With Yancey (6-2, 201), the statistic that jumps out is his 19.4 yards per catch in 2016. He scored seven of his 10 touchdowns on receptions of 30-plus yards.
"It was just putting the time in, getting that connection with my quarterback," Yancey said. "Once we got that down, we started clicking."
Packers director-football operations Eliot Wolf said the big plays came from a combination of Yancey's ability to get deep as well as gain yards after the catch.
"He's got excellent hands," Wolf said. "Good speed, got behind defenders. He ran about a 4.5 but plays much faster than that. Really the size and strength were something that stood out to us."
Last season was the best of Yancey's four at Purdue, as he caught 49 passes for 951 yards, leading his team and ranking second in the Big Ten in yards and receiving TDs.
He wasn't invited to the NFL Scouting Combine, which Yancey said didn't bother him, but the snub still had an impact.
"It kind of motivated me to do well at my pro day," he said. "The further I got through the process, the more I wasn't worried about it."
He visited several teams in the pre-draft period, and he made a good impression on his trip through Green Bay.
"Really confident kid," Wolf said. "He thought he was a player from Day 1. With guys who don't get invited to the combine you don't always see that. It's something that really stood out, and obviously the (game) video was good."
So is the thought of catching passes from Aaron Rodgers.
"That's a great idea," Yancey said, unable to hold back joyful laughter.
Jones was smiling, too, at the thought of joining Williams in Green Bay's backfield. The two met at the Senior Bowl, becoming friends, and they share an agent. When Williams was drafted by the Packers, he texted Jones to tell him he "was next."
Jones will be leaving his best friend and twin brother behind in El Paso, though. Alvin is a starting linebacker for UTEP, and the twins have been playing football together since age 5 in Clarksville, Tenn.
Their first youth football team? The Packers.
"That's pretty cool," Jones said.
So was Jones' final season at UTEP. He broke a 28-year-old single-season school record with 1,773 rushing yards, making him the program's all-time leading rusher with 4,114 career yards.
Just 5-9 but over 200 pounds, Jones topped 100 rushing yards 17 times in his college career, and he reached 200 a total of five times, both school marks.
"He consistently can beat the angle of the safety," Wolf said, regarding Jones' speed. "He had a lot of long runs for UTEP.
"He was a guy that didn't run small.
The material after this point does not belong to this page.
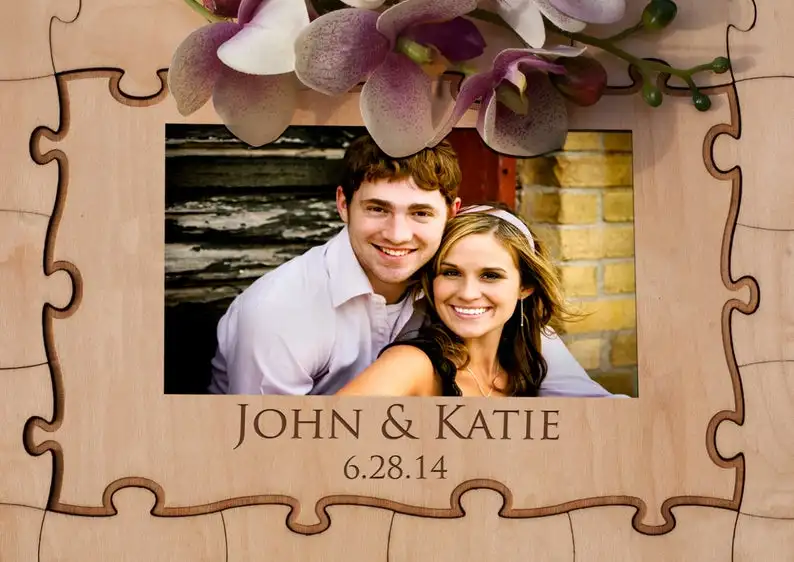 Custom Wooden photo  Puzzle Gu - Custom Photo Book avaliação e preço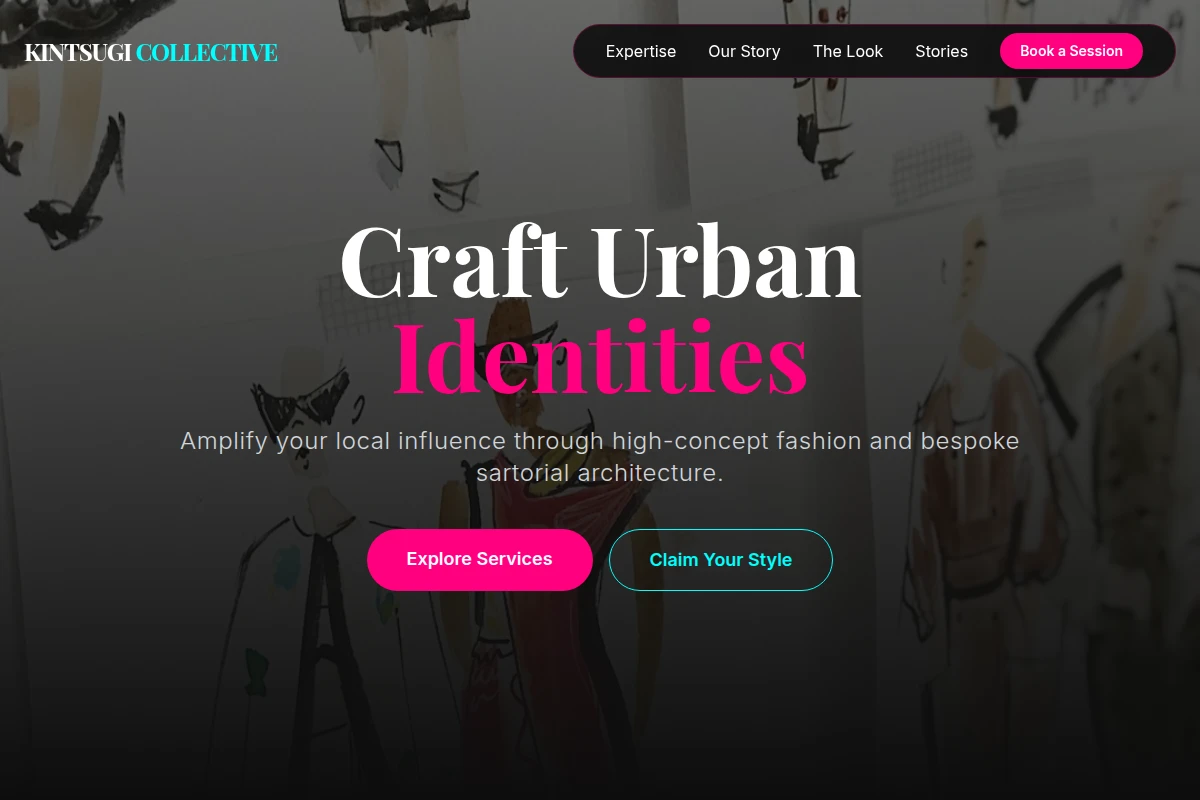 Premium Art Studio Website Design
He's 210 pounds, so the height is easier to overlook."
After a 1,300-yard, 11-TD season in 2014, an ankle injury cost him most of 2015 before he came back for a big finish in 2016, earning first-team All-Conference USA and third-team All-America honors. He scored 17 touchdowns, more than in his first three years combined.
"I got in the weight room, got bigger and stronger," Jones said of his time away from the game. "I gave it my all, gave everything, and it definitely paid off."
Jones, who began as a two-sport athlete at UTEP in football and basketball, added more than 600 yards receiving over the last three seasons. The pass-catching ability that will only help him as he begins his pro career in what's shaping up to be a competitive backfield now in Green Bay.
"I think I have great balance, a mix of power and speed, catch the ball well," he said. "I did it all – checkdowns, screens, down-the-field routes, corners, vertical routes, a little bit of everything."